For the reasons discussed in the proprietary February 1, 2002 memorandum to the file entitled “Ispat Sidbec's AUL,” (to be written) we have preliminarily determined that the petitioners have not rebutted the presumption in favor of the IRS tables. (A public version of this memorandum is available in the Department's CRU.) Therefore, we have used the 15-year period to allocate Ispat Sidbec's subsidies.
Attribution of Subsidies
19 CFR 351.525(b)(6)(ii)-(v) directs that the Department will attribute subsidies received by certain affiliated companies to the combined sales of those companies. Based on our review of the responses, we find that “cross-ownership” exists with respect to certain companies, as described below, and have attributed the subsidies received by these companies accordingly.
Ispat Sidbec: Ispat Sidbec has responded on behalf of Ispat Sidbec Inc. and two of its subsidiaries, Sidbec-Feruni (Ispat) Inc. (100 percent owned) and Deitcher Brothers (1992) Inc. (50 percent owned). Both of these subsidiaries provide processed scrap to Ispat Sidbec Inc. for use in the production of slabs and billets which, in turn, are used in the production of the subject merchandise.
Although Ispat Sidbec has responded on behalf of Deitcher Brothers (1992) Inc. (Deitcher Brothers), Ispat Sidbec argues that cross-ownership does not exist between these two companies because Ispat Sidbec Inc. does not have majority voting ownership and does not direct the operations of Deitcher Brothers. Based on Ispat Sidbec's description of the voting rights of the owners (which is proprietary), we preliminarily determine that cross-ownership does not exist between Ispat Sidbec Inc. and Deitcher Brothers (see 19 CFR 351.525(b)(6)(vi)). Thus, according to 19 CFR 351.525(b)(6)(i), we should not include Deitcher Brothers' sales in the denominator used to calculate the ad valorem subsidy rate for Ispat Sidbec. However, for purposes of this preliminary determination, we do not have sufficient information to remove these sales.

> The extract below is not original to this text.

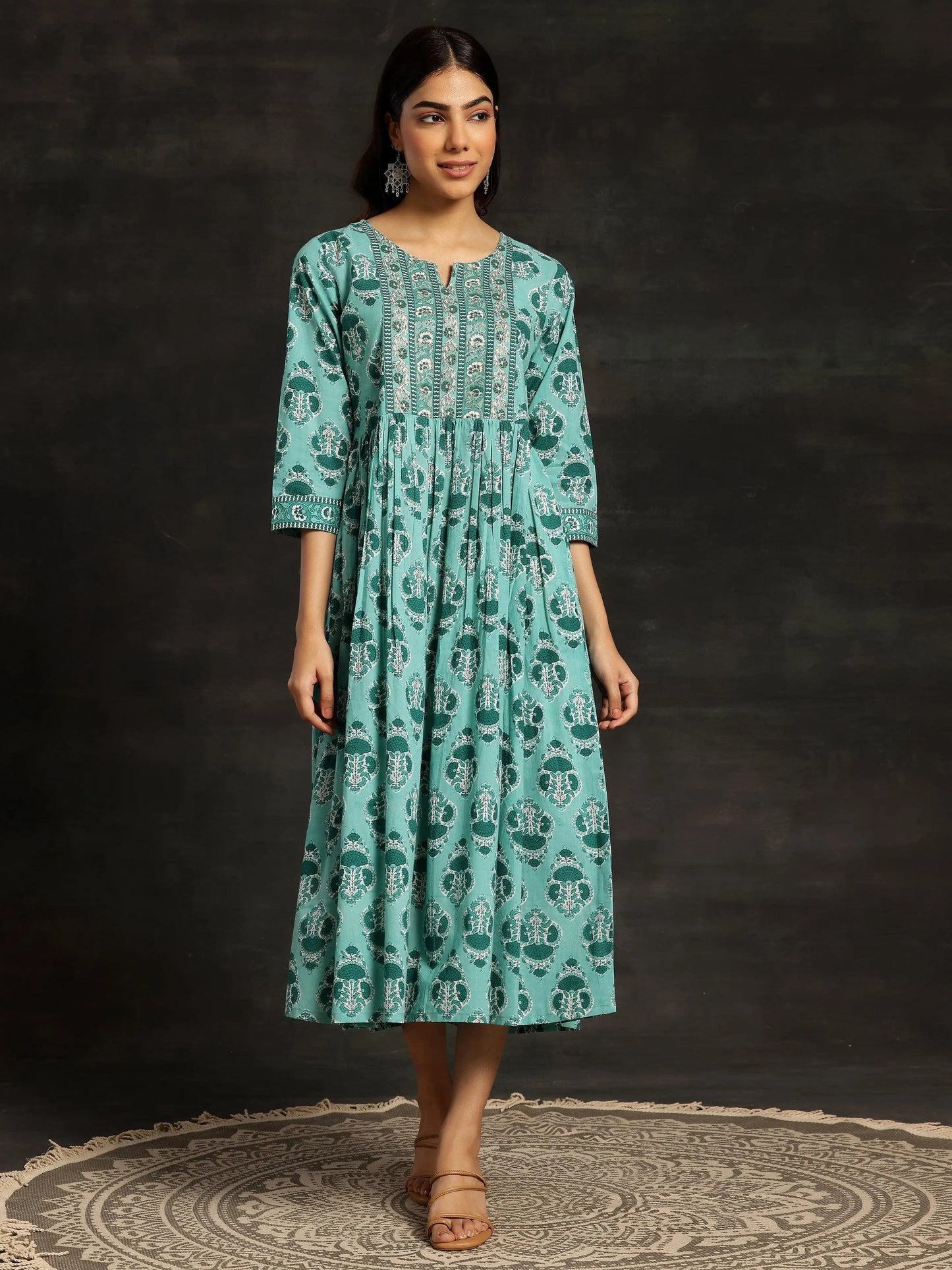 Sea Green Printed Cotton Fit and Flare Dress by My Store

Also, based on Ispat Sidbec's supplemental questionnaire response, it appears that Ispat Sidbec should also have responded on behalf of the Canadian holding company that owns all the outstanding shares of Ispat Sidbec Inc., Ispat Canada.
For our final determination, we intend to gather information regarding the value of Deitcher Brothers' sales that are included in the financial results for Ispat Sidbec Inc. and to investigate any subsidies received by Ispat Canada.
For this preliminary determination, we find that cross-ownership within the meaning of 19 CFR 351.525(b)(6)(vi) exists between Ispat Sidbec Inc. and Start Printed Page 5988Sidbec-Feruni (Ispat) Inc., and the subsidies received by them have been attributed to their combined sales.
Ivaco: Ivaco has responded on behalf of Ivaco, Inc. (including its divisions) and Ivaco Rolling Mills Limited Partnership (“IRM”). IRM is virtually 100 percent owned by Ivaco, Inc. and produces unprocessed wire rod which it sells in processed and unprocessed forms. For sales of processed wire rod, the processing is done by Sivaco Ontario Processing Division (“Sivaco Ontario”) or Sivaco Quebec, both divisions of Ivaco, Inc. Sivaco Ontario also sells processed wire rod using inputs supplied by IRM and others. Sivaco Quebec occasionally sells the subject merchandise. Based on the extent of the relationship between Ivaco, Inc. and IRM, we preliminarily determine that cross-ownership within the meaning of 19 CFR 351.525(b)(6)(vi) exists.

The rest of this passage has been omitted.